• WORK TASK:
Everything from the line holding "evernavy（エバーネイ" through the final line of the entries below is to be written out exactly, and nothing more; leave out pictures.
--
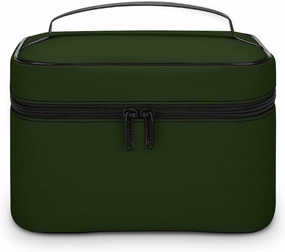 Large Makeup Bag, Solid Deep Forest Green Cosmetic Bag for Women Girls, Portable Toiletry Bag, Travel Make Up Organizer Bag
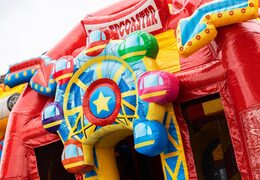 Commandez un grand coussin d'air multijoueur gonflable sur le thème des montagnes russes, y compris un toboggan pour les enfants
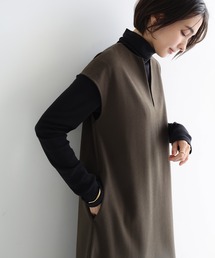 evernavy（エバーネイビー）の「ウール混Vネックロングワンピース（ワンピース）」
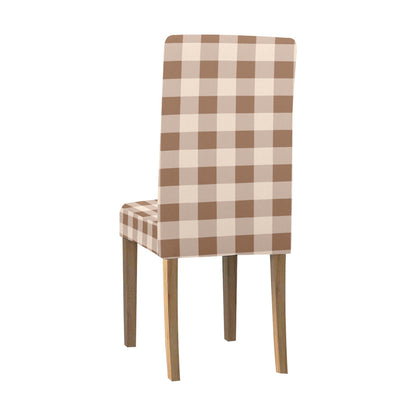 Buffalo Check Dining Chair Seat Covers, Beige Cream Brown Plaid Stretch Slipcover Furniture Dining Room Home Decor Starcove Fashion
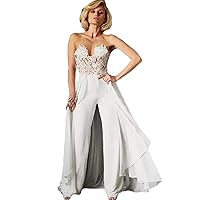 Wedding Jumpsuit with Detachable Train Illusion Bodice Lace Chiffon Beach Bridal Gowns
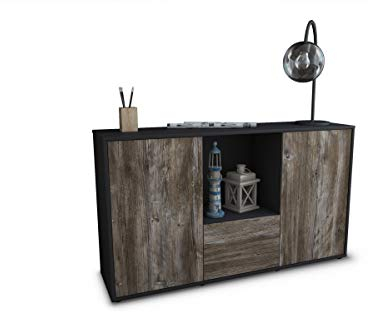 Stil.Zeit Sideboard Alvaro, Korpus anthrazit matt, Front Holz-Design Treibholz (135x79x35cm) Push-to-Open Technik & Leichtlaufschienen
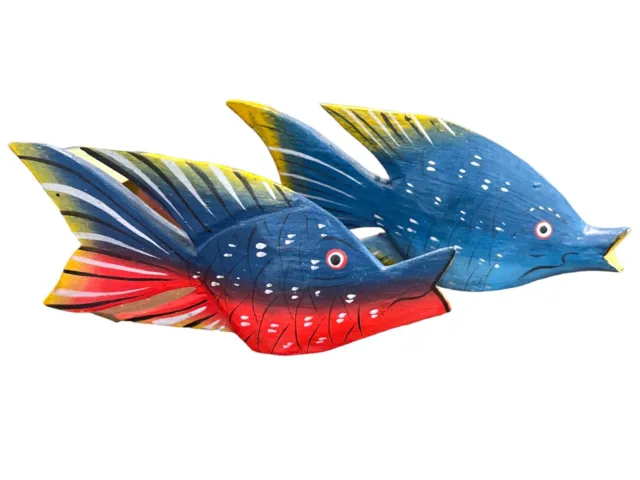 2-Hand Carved & Hand Painted Tropical Wooden 6” Fish Decor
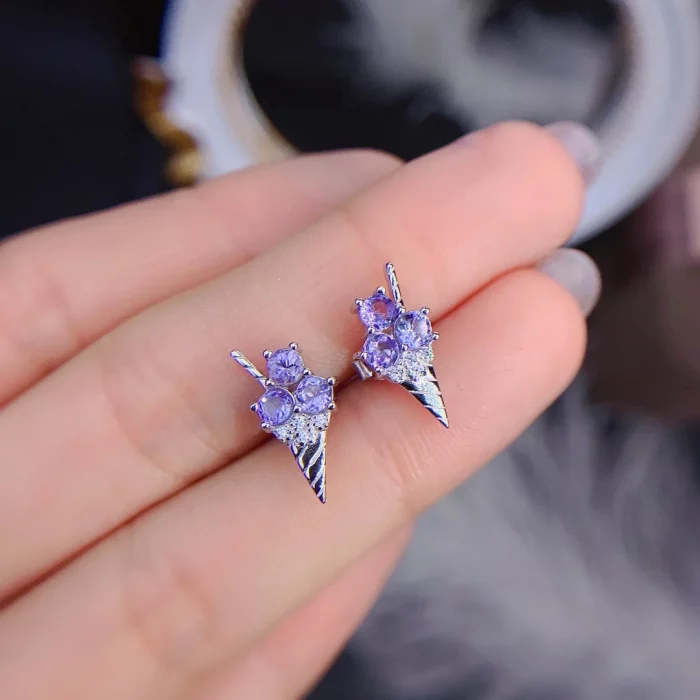 Fine Natural Tanzanite Silver Ice Cream Design Earring 3x3mm Natural Tanzanite 925 Silver Tanzanite Engagement Earring - Image 5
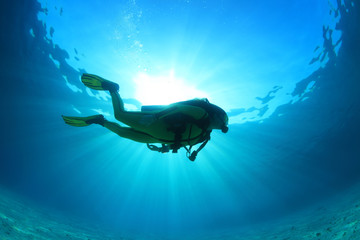 Silhouette of scuba diver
--
• SOLUTION TO THE PROBLEM:
 evernavy（エバーネイビー）の「ウール混Vネックロングワンピース（ワンピース）」
 Buffalo Check Dining Chair Seat Covers, Beige Cream Brown Plaid Stretch Slipcover Furniture Dining Room Home Decor Starcove Fashion
 Wedding Jumpsuit with Detachable Train Illusion Bodice Lace Chiffon Beach Bridal Gowns
 Stil.Zeit Sideboard Alvaro, Korpus anthrazit matt, Front Holz-Design Treibholz (135x79x35cm) Push-to-Open Technik & Leichtlaufschienen
 2-Hand Carved & Hand Painted Tropical Wooden 6” Fish Decor
 Fine Natural Tanzanite Silver Ice Cream Design Earring 3x3mm Natural Tanzanite 925 Silver Tanzanite Engagement Earring - Image 5
 Silhouette of scuba diver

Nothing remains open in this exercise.